IoT security needs to be about low-cost architectures, right down from the secure nodes, avoiding the use of random microcontrollers which can’t protect themselves. We must work to embed a deep root of trust that can be relied upon out to the top levels of the cloud.

In truth all of these requirements are simply implementations or extensions of the best practices identified in the 20 Critical Security Controls by the Council on Cybersecurity, the global NGO tasked with leadership in the IT domain. However, as we all know, there is a massive gap between best practice and real implementation.

Reacting to exploits: The need for remediation

We have to assume in the future that devices will become compromised. They will fail to deny attacks. Although we do need to deny the attacks as strongly as possible, we also need to plan for failure. And we need to make sure we have methods for reset and remediation of those failures when attacks succeed, enabling us to regain control and then build our defences higher.
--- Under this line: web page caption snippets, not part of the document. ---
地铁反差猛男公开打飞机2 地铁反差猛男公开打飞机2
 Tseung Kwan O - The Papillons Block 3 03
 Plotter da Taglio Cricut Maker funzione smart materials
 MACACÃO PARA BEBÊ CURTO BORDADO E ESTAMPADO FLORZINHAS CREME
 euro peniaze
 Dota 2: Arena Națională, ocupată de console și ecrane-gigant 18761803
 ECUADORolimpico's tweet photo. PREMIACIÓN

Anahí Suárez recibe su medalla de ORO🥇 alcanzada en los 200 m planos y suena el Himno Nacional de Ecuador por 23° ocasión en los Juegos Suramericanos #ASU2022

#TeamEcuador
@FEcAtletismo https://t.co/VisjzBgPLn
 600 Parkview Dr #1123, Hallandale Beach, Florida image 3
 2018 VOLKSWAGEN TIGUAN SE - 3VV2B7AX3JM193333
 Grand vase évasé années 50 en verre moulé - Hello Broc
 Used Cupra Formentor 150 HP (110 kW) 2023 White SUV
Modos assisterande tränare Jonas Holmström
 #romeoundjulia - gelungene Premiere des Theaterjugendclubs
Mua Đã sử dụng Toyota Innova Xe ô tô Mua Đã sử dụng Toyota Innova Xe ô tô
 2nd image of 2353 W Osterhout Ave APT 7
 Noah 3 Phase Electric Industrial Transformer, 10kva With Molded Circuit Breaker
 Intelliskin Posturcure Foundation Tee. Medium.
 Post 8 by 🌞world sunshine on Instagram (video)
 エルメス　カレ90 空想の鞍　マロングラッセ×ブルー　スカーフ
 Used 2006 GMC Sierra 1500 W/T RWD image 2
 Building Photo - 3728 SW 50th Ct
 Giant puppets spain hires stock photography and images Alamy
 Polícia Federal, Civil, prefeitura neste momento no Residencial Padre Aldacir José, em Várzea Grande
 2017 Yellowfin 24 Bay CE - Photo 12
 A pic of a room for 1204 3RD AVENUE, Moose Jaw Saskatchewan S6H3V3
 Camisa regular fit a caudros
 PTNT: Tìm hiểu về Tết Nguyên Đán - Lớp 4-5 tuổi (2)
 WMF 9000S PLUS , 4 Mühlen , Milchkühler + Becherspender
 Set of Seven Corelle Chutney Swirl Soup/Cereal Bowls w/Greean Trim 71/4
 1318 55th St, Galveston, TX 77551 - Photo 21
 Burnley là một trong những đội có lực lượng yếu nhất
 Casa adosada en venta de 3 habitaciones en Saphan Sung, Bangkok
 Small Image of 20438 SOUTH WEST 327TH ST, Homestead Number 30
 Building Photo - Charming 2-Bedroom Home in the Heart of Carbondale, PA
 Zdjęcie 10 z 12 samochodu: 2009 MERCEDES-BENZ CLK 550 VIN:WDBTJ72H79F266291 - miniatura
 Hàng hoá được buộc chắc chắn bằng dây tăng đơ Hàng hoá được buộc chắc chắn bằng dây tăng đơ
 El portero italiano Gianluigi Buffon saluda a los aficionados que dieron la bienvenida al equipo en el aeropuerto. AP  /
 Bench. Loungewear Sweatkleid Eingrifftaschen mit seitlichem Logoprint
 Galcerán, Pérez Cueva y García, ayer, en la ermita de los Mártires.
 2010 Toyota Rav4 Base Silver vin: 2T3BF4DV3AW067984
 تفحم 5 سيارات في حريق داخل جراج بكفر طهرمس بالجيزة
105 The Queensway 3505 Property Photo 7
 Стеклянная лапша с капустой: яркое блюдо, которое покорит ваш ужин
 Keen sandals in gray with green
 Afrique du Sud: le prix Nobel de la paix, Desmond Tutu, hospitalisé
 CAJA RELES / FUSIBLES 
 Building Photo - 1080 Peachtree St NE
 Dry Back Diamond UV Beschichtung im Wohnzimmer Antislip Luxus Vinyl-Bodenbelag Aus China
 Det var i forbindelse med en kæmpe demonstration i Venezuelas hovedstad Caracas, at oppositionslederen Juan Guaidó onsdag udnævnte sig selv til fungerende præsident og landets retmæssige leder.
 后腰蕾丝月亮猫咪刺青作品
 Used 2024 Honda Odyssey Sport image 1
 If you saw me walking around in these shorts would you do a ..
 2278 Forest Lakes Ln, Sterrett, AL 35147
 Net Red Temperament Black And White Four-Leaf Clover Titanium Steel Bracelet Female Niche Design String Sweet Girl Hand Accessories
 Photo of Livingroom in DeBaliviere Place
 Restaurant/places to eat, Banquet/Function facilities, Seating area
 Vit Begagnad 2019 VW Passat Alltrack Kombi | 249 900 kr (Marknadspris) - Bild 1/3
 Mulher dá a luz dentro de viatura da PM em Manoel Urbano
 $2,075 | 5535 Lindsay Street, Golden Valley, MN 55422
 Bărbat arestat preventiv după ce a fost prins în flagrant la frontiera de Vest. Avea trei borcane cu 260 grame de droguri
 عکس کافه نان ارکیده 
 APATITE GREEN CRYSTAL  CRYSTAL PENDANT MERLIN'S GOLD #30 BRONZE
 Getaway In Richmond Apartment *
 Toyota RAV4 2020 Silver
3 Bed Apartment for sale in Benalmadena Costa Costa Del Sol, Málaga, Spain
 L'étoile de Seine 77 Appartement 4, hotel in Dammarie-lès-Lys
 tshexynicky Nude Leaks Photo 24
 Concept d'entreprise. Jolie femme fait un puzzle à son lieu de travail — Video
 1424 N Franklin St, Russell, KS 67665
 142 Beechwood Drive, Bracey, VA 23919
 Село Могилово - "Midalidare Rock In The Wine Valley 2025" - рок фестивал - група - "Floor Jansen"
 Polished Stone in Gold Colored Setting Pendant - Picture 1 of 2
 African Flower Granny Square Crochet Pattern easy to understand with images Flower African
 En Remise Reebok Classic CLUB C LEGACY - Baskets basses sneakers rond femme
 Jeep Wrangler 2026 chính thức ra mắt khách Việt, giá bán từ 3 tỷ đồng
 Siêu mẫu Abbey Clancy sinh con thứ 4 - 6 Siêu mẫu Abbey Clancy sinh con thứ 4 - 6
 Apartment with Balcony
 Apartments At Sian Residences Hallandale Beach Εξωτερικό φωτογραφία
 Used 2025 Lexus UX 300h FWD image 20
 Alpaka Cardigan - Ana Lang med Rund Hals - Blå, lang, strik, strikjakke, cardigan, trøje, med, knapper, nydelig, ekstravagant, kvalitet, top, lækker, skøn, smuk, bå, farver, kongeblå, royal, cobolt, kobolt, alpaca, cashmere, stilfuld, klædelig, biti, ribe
These will be technology requirements for the next generation of silicon, for the next generation of devices.

So, we have to be able to reset the IoT devices, we have to regain control, and we have to remediate. That has real cost issues down at the silicon level. It means that you have to have very strong identification alongside very strong cryptography.

You then have to take an encrypted update package, you have to decrypt it on-the-fly. So you have to have enough memory to do that. You have to have all of the necessary cryptography capability. And then you have to have a multi stage boot with a very strong root of trust to instantiate that.

All of these things have a real cost impact on devices. But it is incredibly valuable from an IoT security perspective to have that, and allows a new set of services to be put in place.

We have to deal with these security issues in the Internet of Things. And we have to deal with them now, before it’s too late. Change is needed before many of these IoT systems are implemented and out in the field without the right levels of security.